I don't know the details about how the optimizations are performed in
those cases, but it shouldn't be a problem for the methods in
ArrayInputStream though, since they barely have method calls. A
typical method looks like this:

    public final char readChar() throws IOException {
 		int    pos  = position;
		byte[] data = pageData;

		if (pos >= (end -1))
			throw new EOFException(); // end of file

		int c = ((data[pos++] & 0xff) << 8) | (data[pos++] & 0xff);

		position = pos;

		return (char) c;
    }

And I would assume that this equivalent method would run just as fast:

    public final char readChar() throws IOException {

        if (position >= end - 1)
            throw new EOFException();

        return (char) (((pageData[position++] & 0xff) << 8) |
                       (pageData[position++] & 0xff));
    }

Although I doubt that it would run any faster. But perhaps the jar
file would be a couple of bytes smaller! :)

-- 
Knut Anders

Re: ArrayInputStream and performance

Posted by Daniel John Debrunner <dj...@apache.org>.
Knut Anders Hatlen wrote:
> Daniel John Debrunner <dj...@apache.org> writes:
> 
>> Knut Anders Hatlen wrote:
>>> They use a pattern of first copying the instance
>>> variables into local variables, then do the work on the local
>>> variables, and finally write back to the instance variables. While I
>>> find that a little confusing because I would expect the run-time
>>> compiler to be able to perform that kind of optimization itself,
>>> that's a different issue from what is discussed in this thread.
>> Can the run-time optimizer/compiler perform such an optimization when
>> the instance variable is not final? I would have thought not.
> 
> Yes, I believe it can. Java's memory model basically allows the
> compiler to assume that the variables are accessed by a single thread
> as long as it doesn't hit a memory barrier (like a volatile variable
> or a synchronized block).

How effective can this be when the accesses to the instance field are 
intermixed with method calls of other objects, especially when those 
methods are interface calls?

Dan.



Re: ArrayInputStream and performance

Posted by Knut Anders Hatlen <Kn...@Sun.COM>.
Daniel John Debrunner <dj...@apache.org> writes:

> Knut Anders Hatlen wrote:
>> They use a pattern of first copying the instance
>> variables into local variables, then do the work on the local
>> variables, and finally write back to the instance variables. While I
>> find that a little confusing because I would expect the run-time
>> compiler to be able to perform that kind of optimization itself,
>> that's a different issue from what is discussed in this thread.
>
> Can the run-time optimizer/compiler perform such an optimization when
> the instance variable is not final? I would have thought not.

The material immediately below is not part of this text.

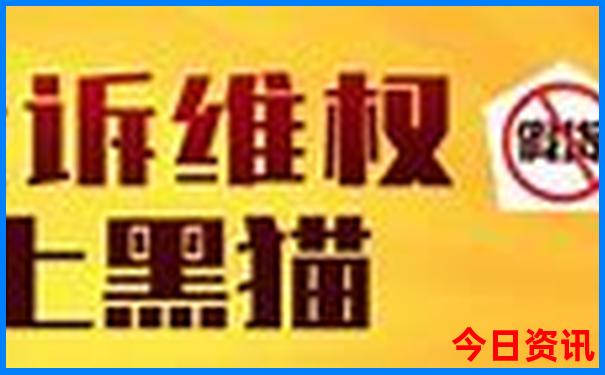 中国夏天哪些地方最热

Yes, I believe it can. Java's memory model basically allows the
compiler to assume that the variables are accessed by a single thread
as long as it doesn't hit a memory barrier (like a volatile variable
or a synchronized block).

The standard example I have seen, is that the JVM is allowed to
rewrite this code

  while (running) {
    sleep();
  }

to this

  if (running) {
    while (true) {
      sleep();
    }
  }

as long as 'running' is not a volatile variable. I'm sure I've read
somewhere that the server VM actually will do this optimization, but I
can't find a reference to it right now.

-- 
Knut Anders

Re: ArrayInputStream and performance

Posted by Daniel John Debrunner <dj...@apache.org>.
Knut Anders Hatlen wrote:
> They use a pattern of first copying the instance
> variables into local variables, then do the work on the local
> variables, and finally write back to the instance variables. While I
> find that a little confusing because I would expect the run-time
> compiler to be able to perform that kind of optimization itself,
> that's a different issue from what is discussed in this thread.

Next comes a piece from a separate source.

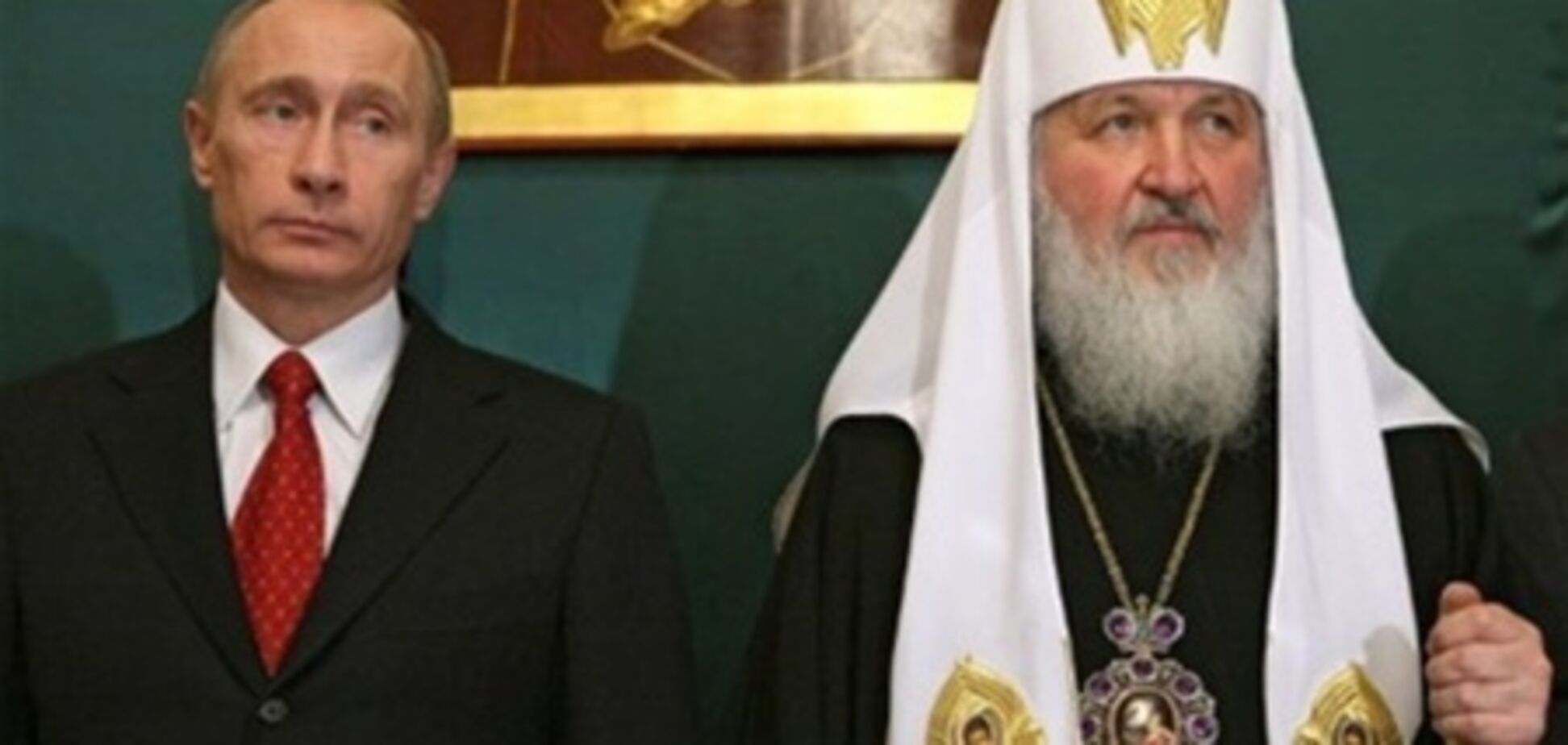Путін відзначив 'незаперечний авторитет' патріарха Кирила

Can the run-time optimizer/compiler perform such an optimization when 
the instance variable is not final? I would have thought not.
You also have to remember that most of the store code was written in the 
early days of java, before JITs existed, thus such optimizations would 
not occur.

Dan.



Re: ArrayInputStream and performance

Posted by Knut Anders Hatlen <Kn...@Sun.COM>.
Daniel John Debrunner <dj...@apache.org> writes:

> Knut Anders Hatlen wrote:
>> Daniel John Debrunner <dj...@apache.org> writes:
>>
>>> Knut Anders Hatlen wrote:
>>>
>>>> I can't answer your question, but I will add that I find much of the
>>>> code that uses ArrayInputStream very confusing. ArrayInputStream is
>>>> supposed to wrap a byte array to provide encapsulation and easy access
>>>> to the data through the InputStream interface. However, many (most?)
>>>> of the callers inline the accesses to the data (presumably for
>>>> performance reasons), so we end up with lots of methods looking like
>>>> this:
>>>>
>>>>   public X readSomething(ArrayInputStream ais, byte[] data, int offset...) {
>>>>     // lots of direct manipulation of the byte array
>>>>     // ...
>>>>     // ...
>>>>     // ...
>>>>     // finally, make sure that the state of the stream is brought to a
>>>>     // consistent state:
>>>>     ais.setPosition(offset + numberOfManipulatedBytes);
>>>>   }
>>>
>>> I could only find one method that looked something like the above:
>>>
>>> StoredFieldHeader.readFieldLengthAndSetStreamPosition
>>>
>>> Could you provide a list of the others so I can see what the issue is?
>>
>> You are quite right; most of the methods that inline the accesses
>> don't call setPosition(). 
>
> I'm still confused here, what do you mean by "inline the accesses".
> Can you point to an example of what you mean?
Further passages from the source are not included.